Remembering Marilyn Monroe

       In a world increasingly fascinated with sexuality, Norma Jeane Mortenson must be rightfully credited as one of the first women to break such barriers.  More famously known as Marilyn Monroe, many historians and biographers look at her life with pity; she suffered a lot of exploitation at the hands of directors, husbands, and affairs.  But who was she?  I want to celebrate her life today.
       Monroe grew up with many shortcomings: she lived for the majority of her youth in the foster care system and first wed at 16 years old.  Prior to her movie career, Monroe actually responded to the Rosie the Riveter posters, working in a radio plane factory towards the war effort.  She met someone there who would start her modeling career, as her beauty was enough to get many jobs.  Shortly after, she took on some minor film roles before resigning with Twentieth-Century Fox and becoming a more prominent figure in the industry.  Her roles were relatively similar: she played the "dumb blonde" or the sexy star.  Her sex appeal would bring her images to the front covers of Playboy editions, further solidifying her public perception.
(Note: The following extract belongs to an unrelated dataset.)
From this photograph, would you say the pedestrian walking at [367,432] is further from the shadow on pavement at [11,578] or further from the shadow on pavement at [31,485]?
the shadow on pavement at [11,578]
       As many Hollywood actors disappointedly face today, Monroe had become a typecast, upsetting her.  Perhaps also a result of a difficult childhood, and her image and gender leading to men throwing her around (not that it was her fault in any way that some men are scum), Monroe suffered from depression, anxiety, and subsequent substance abuse.  To cry for her feels wrong, however.  Monroe was repeatedly noted to find herself angry or disappointed because people treated her like some thing, on whose life they were entitled to an opinion, that they knew who she was because all dumb blondes and sex icons were the same.  She did not want to be analyzed as some manifestation of sexuality's controversy in that era... but perhaps that is me analyzing her desires, so bad on me.  Marilyn Monroe would die of barbiturate overdose.  It's true, her death represents the tragic result of the problematic gender roles perpetuated by the patriarchal society of the late twentieth century.  But I think that more importantly, when we remember Norma Jeane Mortenson, we need to recall all that she was able to do, embracing her sexuality because she loved it, even if her audience thought to define her by it.
        She was a sex icon, and that's pretty epic.  Yet, above it all, and perhaps because of it, especially in that era, she was a role model.